§ **TASK REQUIREMENTS**
Start at the line below containing "The students begin" and stop at the line containing "Beijing: YuanMingYuan Park". Repeat every line of that stretch exactly, and nothing outside it.

(Stored records)

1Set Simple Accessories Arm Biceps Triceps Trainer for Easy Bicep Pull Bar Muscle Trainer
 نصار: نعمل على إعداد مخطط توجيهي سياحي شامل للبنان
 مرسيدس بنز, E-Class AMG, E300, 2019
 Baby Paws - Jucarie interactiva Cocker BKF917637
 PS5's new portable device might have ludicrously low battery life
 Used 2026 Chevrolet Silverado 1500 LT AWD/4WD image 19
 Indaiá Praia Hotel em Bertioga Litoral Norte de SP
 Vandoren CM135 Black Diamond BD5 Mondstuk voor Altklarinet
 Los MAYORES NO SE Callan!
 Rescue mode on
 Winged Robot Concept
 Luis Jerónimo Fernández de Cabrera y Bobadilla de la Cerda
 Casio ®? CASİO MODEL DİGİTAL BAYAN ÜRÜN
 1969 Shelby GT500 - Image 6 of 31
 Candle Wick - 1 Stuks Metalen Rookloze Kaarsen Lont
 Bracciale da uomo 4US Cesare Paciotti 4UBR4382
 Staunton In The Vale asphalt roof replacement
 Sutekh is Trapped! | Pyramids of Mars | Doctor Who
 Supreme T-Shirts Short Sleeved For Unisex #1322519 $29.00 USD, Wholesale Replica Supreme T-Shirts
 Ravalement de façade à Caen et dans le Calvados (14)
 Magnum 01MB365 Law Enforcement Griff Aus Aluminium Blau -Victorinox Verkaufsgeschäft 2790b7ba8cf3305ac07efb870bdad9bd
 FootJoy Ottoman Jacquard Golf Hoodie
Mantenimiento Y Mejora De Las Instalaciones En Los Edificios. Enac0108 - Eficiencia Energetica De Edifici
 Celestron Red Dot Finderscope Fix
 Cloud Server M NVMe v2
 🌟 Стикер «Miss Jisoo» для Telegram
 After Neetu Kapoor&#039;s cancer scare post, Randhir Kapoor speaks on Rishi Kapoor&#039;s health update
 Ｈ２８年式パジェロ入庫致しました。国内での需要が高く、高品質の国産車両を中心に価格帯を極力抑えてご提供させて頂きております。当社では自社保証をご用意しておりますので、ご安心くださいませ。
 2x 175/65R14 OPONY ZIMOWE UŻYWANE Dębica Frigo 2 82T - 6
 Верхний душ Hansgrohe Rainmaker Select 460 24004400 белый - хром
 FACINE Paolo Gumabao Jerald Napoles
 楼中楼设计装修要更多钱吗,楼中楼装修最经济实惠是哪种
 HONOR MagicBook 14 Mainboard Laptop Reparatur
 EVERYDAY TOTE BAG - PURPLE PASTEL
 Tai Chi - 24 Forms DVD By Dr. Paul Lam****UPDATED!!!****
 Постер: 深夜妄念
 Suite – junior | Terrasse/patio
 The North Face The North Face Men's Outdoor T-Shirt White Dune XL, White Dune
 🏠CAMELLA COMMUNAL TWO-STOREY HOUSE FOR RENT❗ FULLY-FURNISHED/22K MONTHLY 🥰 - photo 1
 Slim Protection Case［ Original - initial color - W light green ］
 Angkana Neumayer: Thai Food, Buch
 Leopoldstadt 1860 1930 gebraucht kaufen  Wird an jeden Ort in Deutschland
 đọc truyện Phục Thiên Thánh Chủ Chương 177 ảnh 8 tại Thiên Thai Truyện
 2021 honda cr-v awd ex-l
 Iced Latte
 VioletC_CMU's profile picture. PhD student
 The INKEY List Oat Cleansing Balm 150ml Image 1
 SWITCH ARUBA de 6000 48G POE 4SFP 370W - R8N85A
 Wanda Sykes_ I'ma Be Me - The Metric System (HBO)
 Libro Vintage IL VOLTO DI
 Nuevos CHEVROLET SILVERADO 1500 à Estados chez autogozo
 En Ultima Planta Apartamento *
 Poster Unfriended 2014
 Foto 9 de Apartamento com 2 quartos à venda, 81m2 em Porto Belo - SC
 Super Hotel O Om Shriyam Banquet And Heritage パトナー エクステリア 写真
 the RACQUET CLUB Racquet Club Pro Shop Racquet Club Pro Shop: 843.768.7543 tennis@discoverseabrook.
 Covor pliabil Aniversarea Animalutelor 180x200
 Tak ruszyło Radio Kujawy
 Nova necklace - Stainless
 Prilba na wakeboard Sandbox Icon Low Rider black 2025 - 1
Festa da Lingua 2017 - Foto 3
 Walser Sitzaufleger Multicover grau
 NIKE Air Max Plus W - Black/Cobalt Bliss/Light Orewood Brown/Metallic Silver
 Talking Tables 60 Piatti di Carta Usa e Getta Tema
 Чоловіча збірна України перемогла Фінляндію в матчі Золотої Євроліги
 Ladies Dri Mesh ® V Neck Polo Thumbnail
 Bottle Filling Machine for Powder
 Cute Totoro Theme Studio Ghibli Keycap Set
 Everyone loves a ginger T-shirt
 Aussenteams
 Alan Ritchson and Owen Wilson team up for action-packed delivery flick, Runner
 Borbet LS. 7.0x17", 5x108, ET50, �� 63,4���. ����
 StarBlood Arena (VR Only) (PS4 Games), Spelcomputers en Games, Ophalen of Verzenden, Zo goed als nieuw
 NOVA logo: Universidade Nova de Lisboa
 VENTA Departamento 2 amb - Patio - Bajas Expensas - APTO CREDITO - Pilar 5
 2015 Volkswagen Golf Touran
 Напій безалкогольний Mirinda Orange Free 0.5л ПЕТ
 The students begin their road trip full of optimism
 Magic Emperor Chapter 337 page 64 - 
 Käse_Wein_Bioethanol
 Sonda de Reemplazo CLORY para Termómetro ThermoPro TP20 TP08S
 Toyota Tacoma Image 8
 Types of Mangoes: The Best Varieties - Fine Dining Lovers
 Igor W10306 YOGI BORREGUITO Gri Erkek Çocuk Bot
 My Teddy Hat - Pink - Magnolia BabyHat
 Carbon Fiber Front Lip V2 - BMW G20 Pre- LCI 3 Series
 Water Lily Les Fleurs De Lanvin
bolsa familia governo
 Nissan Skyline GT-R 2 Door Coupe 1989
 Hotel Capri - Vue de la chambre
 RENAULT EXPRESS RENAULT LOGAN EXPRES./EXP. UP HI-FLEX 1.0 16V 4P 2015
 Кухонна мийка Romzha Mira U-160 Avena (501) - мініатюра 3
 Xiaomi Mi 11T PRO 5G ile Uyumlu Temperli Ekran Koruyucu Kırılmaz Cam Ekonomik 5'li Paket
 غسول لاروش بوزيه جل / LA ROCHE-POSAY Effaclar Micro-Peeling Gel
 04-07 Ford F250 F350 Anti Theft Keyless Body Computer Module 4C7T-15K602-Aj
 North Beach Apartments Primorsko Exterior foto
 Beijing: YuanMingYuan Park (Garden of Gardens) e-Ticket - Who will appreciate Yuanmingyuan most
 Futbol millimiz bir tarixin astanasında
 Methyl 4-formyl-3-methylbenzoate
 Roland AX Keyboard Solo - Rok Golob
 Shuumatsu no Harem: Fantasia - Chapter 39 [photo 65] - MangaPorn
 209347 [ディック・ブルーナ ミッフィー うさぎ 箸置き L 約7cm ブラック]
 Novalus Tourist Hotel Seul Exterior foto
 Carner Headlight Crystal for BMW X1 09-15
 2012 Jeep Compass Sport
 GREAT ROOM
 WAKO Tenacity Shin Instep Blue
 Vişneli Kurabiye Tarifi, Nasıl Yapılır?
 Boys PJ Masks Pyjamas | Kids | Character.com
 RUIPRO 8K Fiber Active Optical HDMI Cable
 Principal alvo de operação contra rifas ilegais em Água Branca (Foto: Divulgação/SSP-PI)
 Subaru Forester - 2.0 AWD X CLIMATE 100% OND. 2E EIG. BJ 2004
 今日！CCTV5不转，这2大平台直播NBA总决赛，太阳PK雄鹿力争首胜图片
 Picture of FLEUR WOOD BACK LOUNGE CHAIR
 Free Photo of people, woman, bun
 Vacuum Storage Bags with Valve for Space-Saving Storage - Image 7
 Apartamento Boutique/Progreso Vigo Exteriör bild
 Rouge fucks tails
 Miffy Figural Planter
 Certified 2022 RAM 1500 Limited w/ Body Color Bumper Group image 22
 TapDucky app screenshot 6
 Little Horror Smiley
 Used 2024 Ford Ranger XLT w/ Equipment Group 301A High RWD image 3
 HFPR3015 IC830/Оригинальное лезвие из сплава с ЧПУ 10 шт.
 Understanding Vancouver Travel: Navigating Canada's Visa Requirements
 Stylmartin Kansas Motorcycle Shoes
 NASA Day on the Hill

§ **ANSWER TO THIS EXERCISE**
 The students begin their road trip full of optimism
 Magic Emperor Chapter 337 page 64 - 
 Käse_Wein_Bioethanol
 Sonda de Reemplazo CLORY para Termómetro ThermoPro TP20 TP08S
 Toyota Tacoma Image 8
 Types of Mangoes: The Best Varieties - Fine Dining Lovers
 Igor W10306 YOGI BORREGUITO Gri Erkek Çocuk Bot
 My Teddy Hat - Pink - Magnolia BabyHat
 Carbon Fiber Front Lip V2 - BMW G20 Pre- LCI 3 Series
 Water Lily Les Fleurs De Lanvin
bolsa familia governo
 Nissan Skyline GT-R 2 Door Coupe 1989
 Hotel Capri - Vue de la chambre
 RENAULT EXPRESS RENAULT LOGAN EXPRES./EXP. UP HI-FLEX 1.0 16V 4P 2015
 Кухонна мийка Romzha Mira U-160 Avena (501) - мініатюра 3
 Xiaomi Mi 11T PRO 5G ile Uyumlu Temperli Ekran Koruyucu Kırılmaz Cam Ekonomik 5'li Paket
 غسول لاروش بوزيه جل / LA ROCHE-POSAY Effaclar Micro-Peeling Gel
 04-07 Ford F250 F350 Anti Theft Keyless Body Computer Module 4C7T-15K602-Aj
 North Beach Apartments Primorsko Exterior foto
 Beijing: YuanMingYuan Park (Garden of Gardens) e-Ticket - Who will appreciate Yuanmingyuan most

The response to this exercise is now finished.